Understand that I just mean to be good, and have a good life, and be okay.
branch: I want my family and I to have a relationship that is respectful; reasonable. Pleasant. Sometimes days this feels achieved for a few moments and other days my dad is a total dick to me again which, god. Something about how my dad can be a dick gives me two unbearable feelings number 1) In that way where you don't really even see your dad much and he frankly doesn't really have the smallest inkling of who you really are inside and what goes on in your daily life yet he speaks to you with a great amount of familiarity which is just viscerally shocking like a hobo on the street suddenly screaming at you for your sins. 2) In that way where it suddenly reverts you to your 14-year-old self with knee-high pleather black platform boots and (more) blemishes and more heartbreak and hormones than a scifi convention (which is basically where I wanted to be more than anything as a teenager; I would have been a queen). But something snaps and you just become this literally-kind-of psychotic 14-year-old you who wants to get violent. And then you cry at work, which, jesus, that place is full of enough drama... somehow.

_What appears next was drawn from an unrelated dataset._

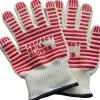 Dr. Grill barbecue handschoenen
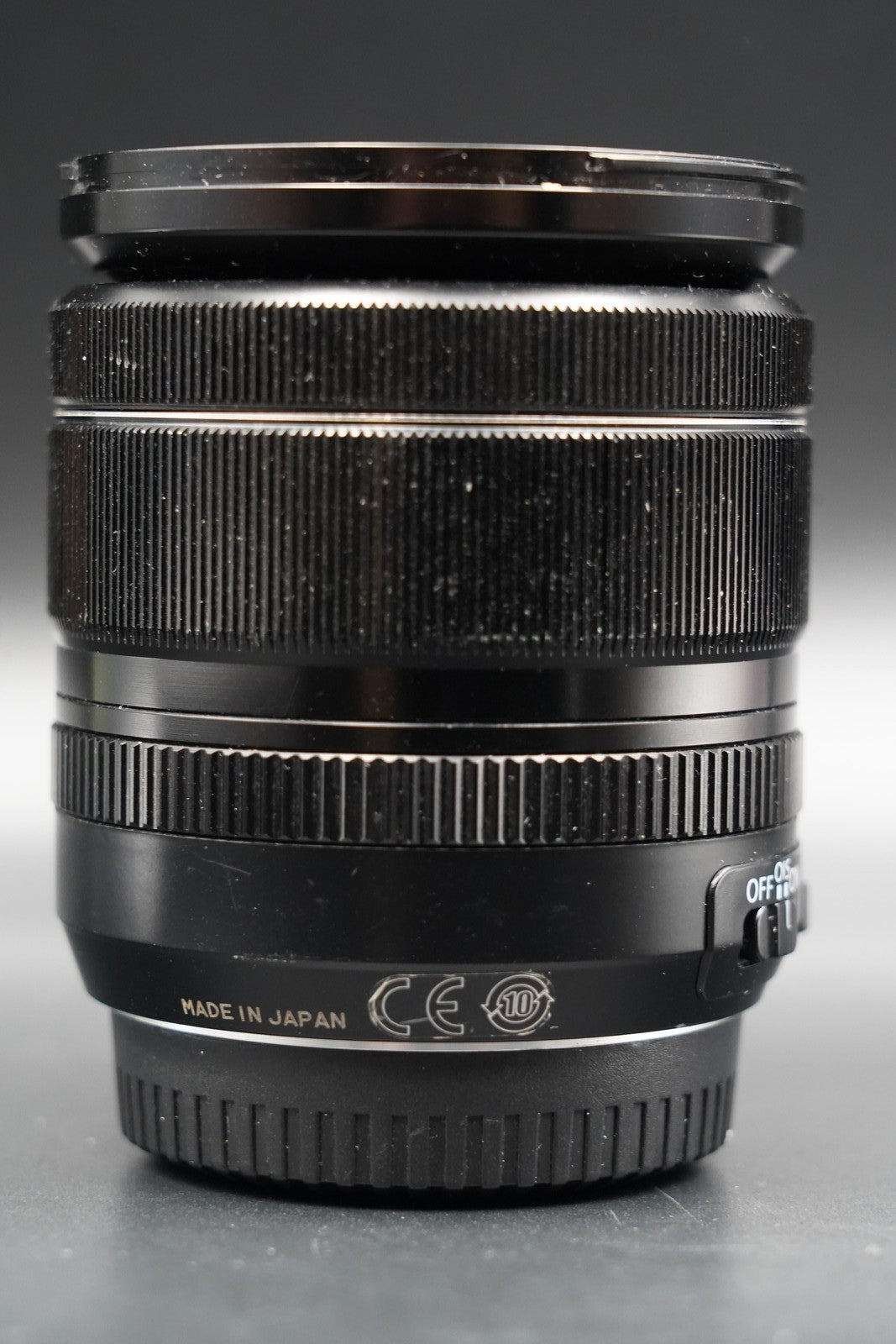 Fujifilm Fujinon XF 18-55mm F/2.8-4 R LM OIS EBC Lens 11130 US STOCK #11153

And then you don't get home until after 8 because you were wandering around running various some-more-unnecessary-than-other errands, buying too many groceries because it is nice to be in the store and select products for yourself that you may enjoy. A new bra. A good bra is damn hard to find. Do not even get me talking about my breasts in this stupid blog because that is something I am not prepared to do tonight. Ten dollars worth of gummy candy. A small terra-cotta pot and saucer to turn into a garlic roasting device.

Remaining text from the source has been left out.